[Task statement] An exact copy of all the data is the required output.
<<<<
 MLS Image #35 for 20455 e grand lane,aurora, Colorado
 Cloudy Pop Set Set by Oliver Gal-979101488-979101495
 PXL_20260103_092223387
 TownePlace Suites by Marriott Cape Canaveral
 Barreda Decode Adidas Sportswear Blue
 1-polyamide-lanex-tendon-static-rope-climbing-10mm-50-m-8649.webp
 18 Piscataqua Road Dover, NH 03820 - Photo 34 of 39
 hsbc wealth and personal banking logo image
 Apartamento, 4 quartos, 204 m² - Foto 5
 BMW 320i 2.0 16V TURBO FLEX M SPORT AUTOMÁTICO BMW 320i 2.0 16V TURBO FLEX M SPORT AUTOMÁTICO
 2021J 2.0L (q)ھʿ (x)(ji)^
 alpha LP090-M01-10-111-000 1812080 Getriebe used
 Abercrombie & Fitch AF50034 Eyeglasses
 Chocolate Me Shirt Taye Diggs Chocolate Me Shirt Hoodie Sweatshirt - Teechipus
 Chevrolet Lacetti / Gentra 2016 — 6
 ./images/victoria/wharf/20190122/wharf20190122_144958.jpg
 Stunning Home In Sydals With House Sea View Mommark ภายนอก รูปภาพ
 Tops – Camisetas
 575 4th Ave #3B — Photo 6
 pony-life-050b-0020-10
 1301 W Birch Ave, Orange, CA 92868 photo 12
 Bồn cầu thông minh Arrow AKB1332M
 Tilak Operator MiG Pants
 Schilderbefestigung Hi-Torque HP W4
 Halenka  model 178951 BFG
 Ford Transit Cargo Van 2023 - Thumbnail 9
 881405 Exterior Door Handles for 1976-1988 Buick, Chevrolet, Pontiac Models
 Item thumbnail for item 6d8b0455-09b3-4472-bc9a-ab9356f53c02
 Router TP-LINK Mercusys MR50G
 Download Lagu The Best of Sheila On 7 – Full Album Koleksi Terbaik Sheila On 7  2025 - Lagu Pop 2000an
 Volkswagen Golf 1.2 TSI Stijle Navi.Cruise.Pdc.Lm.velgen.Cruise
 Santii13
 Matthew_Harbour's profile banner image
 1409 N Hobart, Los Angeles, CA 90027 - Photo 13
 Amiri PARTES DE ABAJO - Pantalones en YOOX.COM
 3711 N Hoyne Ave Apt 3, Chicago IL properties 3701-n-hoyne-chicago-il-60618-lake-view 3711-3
>>>>
[Exercise output]
 MLS Image #35 for 20455 e grand lane,aurora, Colorado
 Cloudy Pop Set Set by Oliver Gal-979101488-979101495
 PXL_20260103_092223387
 TownePlace Suites by Marriott Cape Canaveral
 Barreda Decode Adidas Sportswear Blue
 1-polyamide-lanex-tendon-static-rope-climbing-10mm-50-m-8649.webp
 18 Piscataqua Road Dover, NH 03820 - Photo 34 of 39
 hsbc wealth and personal banking logo image
 Apartamento, 4 quartos, 204 m² - Foto 5
 BMW 320i 2.0 16V TURBO FLEX M SPORT AUTOMÁTICO BMW 320i 2.0 16V TURBO FLEX M SPORT AUTOMÁTICO
 2021J 2.0L (q)ھʿ (x)(ji)^
 alpha LP090-M01-10-111-000 1812080 Getriebe used
 Abercrombie & Fitch AF50034 Eyeglasses
 Chocolate Me Shirt Taye Diggs Chocolate Me Shirt Hoodie Sweatshirt - Teechipus
 Chevrolet Lacetti / Gentra 2016 — 6
 ./images/victoria/wharf/20190122/wharf20190122_144958.jpg
 Stunning Home In Sydals With House Sea View Mommark ภายนอก รูปภาพ
 Tops – Camisetas
 575 4th Ave #3B — Photo 6
 pony-life-050b-0020-10
 1301 W Birch Ave, Orange, CA 92868 photo 12
 Bồn cầu thông minh Arrow AKB1332M
 Tilak Operator MiG Pants
 Schilderbefestigung Hi-Torque HP W4
 Halenka  model 178951 BFG
 Ford Transit Cargo Van 2023 - Thumbnail 9
 881405 Exterior Door Handles for 1976-1988 Buick, Chevrolet, Pontiac Models
 Item thumbnail for item 6d8b0455-09b3-4472-bc9a-ab9356f53c02
 Router TP-LINK Mercusys MR50G
 Download Lagu The Best of Sheila On 7 – Full Album Koleksi Terbaik Sheila On 7  2025 - Lagu Pop 2000an
 Volkswagen Golf 1.2 TSI Stijle Navi.Cruise.Pdc.Lm.velgen.Cruise
 Santii13
 Matthew_Harbour's profile banner image
 1409 N Hobart, Los Angeles, CA 90027 - Photo 13
 Amiri PARTES DE ABAJO - Pantalones en YOOX.COM
 3711 N Hoyne Ave Apt 3, Chicago IL properties 3701-n-hoyne-chicago-il-60618-lake-view 3711-3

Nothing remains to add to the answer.